Kroth explained, they are cutting the slab thinner, so the floor can support it.=

Museum Board of Directors Member Fred Lubbers pointed to the smooth remaining portion, where the cut was made on an enormous cliff.

Lubbers said he saw how the enormous piece had been cut off from the cliff. The museum drilled holes first in the slab, he said, and pushed a cable with diamond dust through the holes. In all, he said, the process ran really fast, and someone from Italy did the cut.

The slab was about 24 inches in thickness, Lubbers said, and the cable cut a groove and pushed the slab out, which then fell on a big pile of sand for cushion in front of it.

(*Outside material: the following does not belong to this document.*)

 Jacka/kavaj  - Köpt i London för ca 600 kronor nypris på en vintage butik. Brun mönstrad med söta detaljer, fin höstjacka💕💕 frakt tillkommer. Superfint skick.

After they first cut the slab off, Lubbers said, the remaining smooth area was “gorgeous” with UV lights on the freshly cut area, showcasing veins of Willemite going up. He added the the museum is going to clean the flat area for future fluorescing, because Manganese in the ore turns black from reacting with sunlight, Oxygen, and water.

Above the cut, Lubbers explained, marks high on the cliff are where people in the quarry previously had taken samples by drilling holes and placing expanding foam to crack the rock. In the old days before, he said, they would have dynamited the ore out instead.

Lubbers pointed out how high the samples went up the cliff and explained the previous quarry had dug the whole area out. He added, around two or three years ago, the area was 15 feet higher. The ore from the mountain, he said, was Willemite, Calcite, and Franklinite all the way up. However, he continued, the ore was lean and not very rich.